Ísafjarðardjúp, main fjords, islands, mountains and villages

Ísafjarðardjúp (/is/) is a large fjord in the Westfjords region of Iceland. Its name translates to Depth of the fjord of sea ice. Originally named simply Ísafjörður, the semantic run around happened through the -Deep meaning the inner parts of the fjord being reapplied throughout the innsea. It has even been suggested that this is nonsensical and should be reversed. The fjord was named simultaneously with the island by Raven-Floke as he viewed it from a mountain from the south.

Ísafjörður, capital of the Westfjords region, is situated close to the mouth of Ísafjarðardjúp in Skutulsfjörður. Other major settlements in Ísafjarðardjúp are Bolungarvík, Hnífsdalur and Súðavík.

The north-eastern coast is fairly straight with the only inlet being Kaldalón, but the southern side has fjords extending well into the land: Skutulsfjörður, Álftafjörður, Seyðisfjörður, Hestfjörður, Skötufjörður, Mjóifjörður, Reykjafjörður and Ísafjörður.

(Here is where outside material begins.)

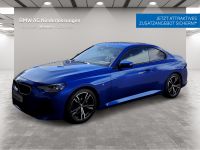BMW 218 - Vorschau Bild 1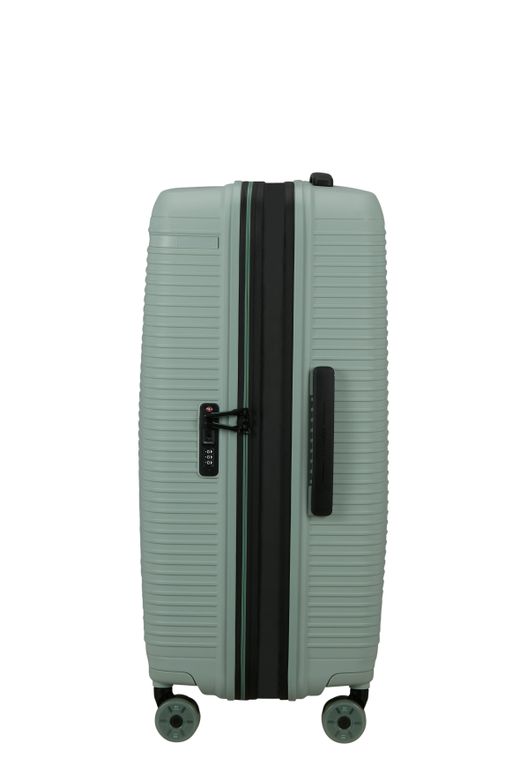 Maleta Grande Samsonite PRODIVER HS 75cm. Ext.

Three islands lie in Ísafjarðardjúp: Borgarey, Æðey and Vigur. Borgarey is the smallest with no inhabitants and Æðey the largest. On both Æðey and Vigur there is one farmstead.

On the peninsula of Reykjanes, there are hot springs and hydrothermal alteration.

In the bottom of the fjord lies the former trading post Arngerðareyri.